Considering the amount of money that the refined sugar and processed foods lobby can bring, it is more likely that Congress will pass a law declaring that refined sugar is good for you than to ban it.

and albeed, the attempt to repeal the laws of thermodynamics is called "Supply Side Economics" - under President Reagan, the newly created United States Department of Free Lunches decided that the proper way to increase revenue and help the poor and create jobs was to cut taxes for the rich and deregulate everything. Naturally now that that policy has failed misarably, their solution is more tax cuts for the rich, tax increases for the poor, and more deregulation.

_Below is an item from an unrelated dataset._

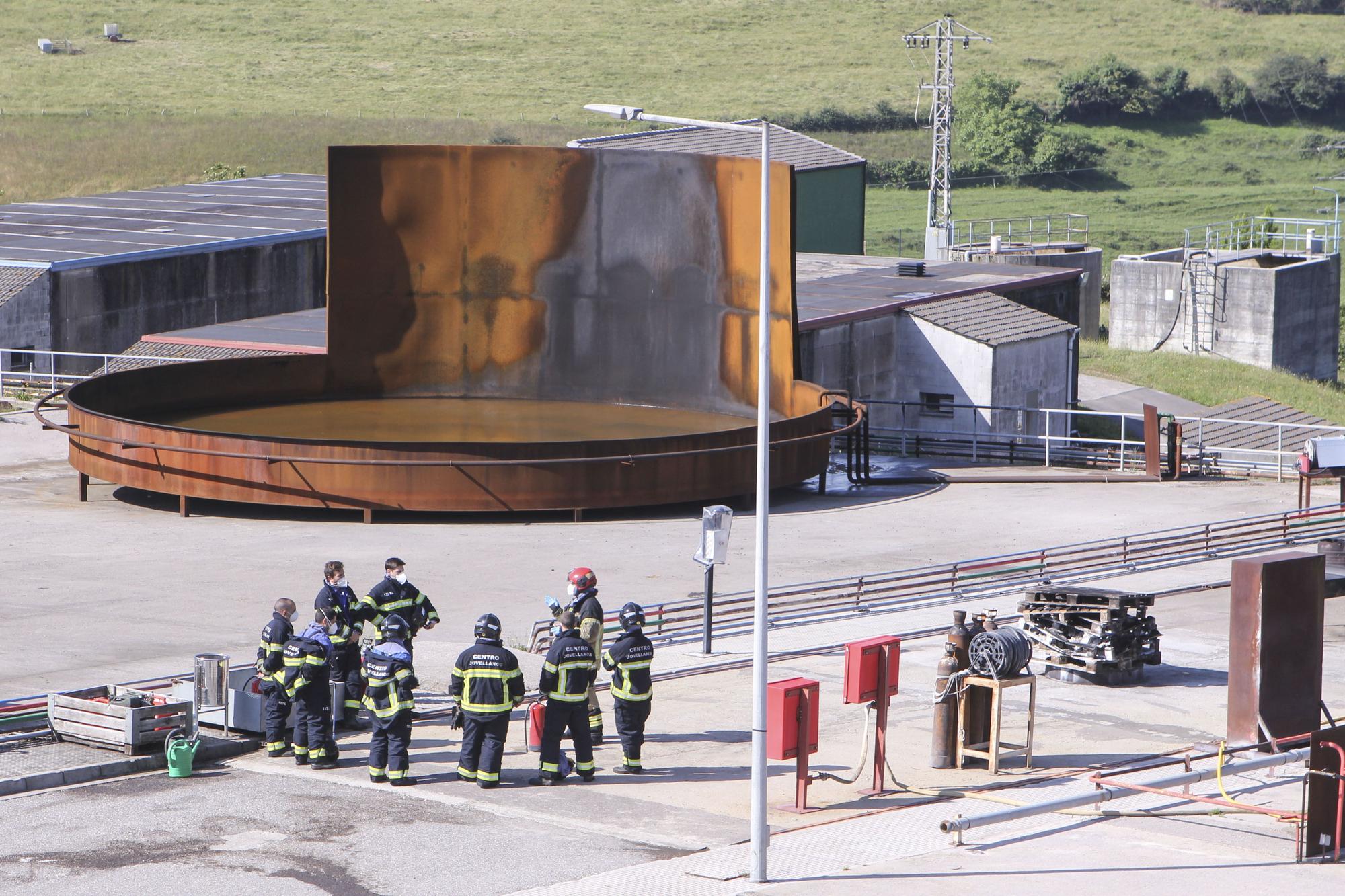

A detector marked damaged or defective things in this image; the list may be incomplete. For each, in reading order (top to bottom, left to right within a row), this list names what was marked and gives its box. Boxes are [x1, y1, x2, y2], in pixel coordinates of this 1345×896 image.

Of course, being the chickenhearted lightweight Republican in Disguise (or RID if you prefer) that he is, President Obama refuses to abolish the United States Department of Free Lunches despite its 30 year history of failure and in fact has signed on to its basic premises :)

erika :)

Posted by: virginia | Feb 3, 2012 9:02:15 AM

incidentially, natural sugar is so much better tasting and not nearly as bad for you as the heavily processed stuff generally called sugar and the foods they are in.

erika :)

Posted by: virginia | Feb 3, 2012 9:06:24 AM

#1:
"People who drive after using marijuana are nearly twice as likely to be involved
in a FATAL car crash. ...In the study, published in the medical journal BMJ, researchers reviewed information on 10748 ..."
www.webmd.com/mental

#2:
"[A] recent large, well-conducted study of fatally injured drivers by Drummer et al. suggested that those who tested positive for marijuana were almost three times more likely to be culpable for the crash."
www.ukcia.org/research/CarCrashInjury.pdf

#3a:
"Court upholds conviction in wrong-way Route 202 fatalities"
Published: Thursday, January 19, 2012 By Michael P. Rellahan: "A state appeals court has upheld the conviction and sentence of a former Immaculata student who struck and killed a Norristown couple while driving the wrong way on Route 202 after a day of marijuana smoking".

#3b:
"Driver charged in killed groom crash"
Published: Thursday, 26 Jan 2012 : "Jeffrey Hinds faces 6 felony counts in fatal crash...
two counts of operating under the influence of a controlled substance or marijuana/THC causing death." http://www.woodtv.com/dpp/news/local/allegan_county/Driver-charged-in-killed-groom-crash

#3c:
"Stoner gets 10 years in fatal crash"
Created: Tuesday, January 24, 2012 By Mike Mendenhall NDN Staff Writer: "a mandatory urinalysis preformed by Stoner’s probation officer showed marijuana in the 19-year-old’s system"

Stoner: Isn't that satirical, Calif. Capital Defense Counsel?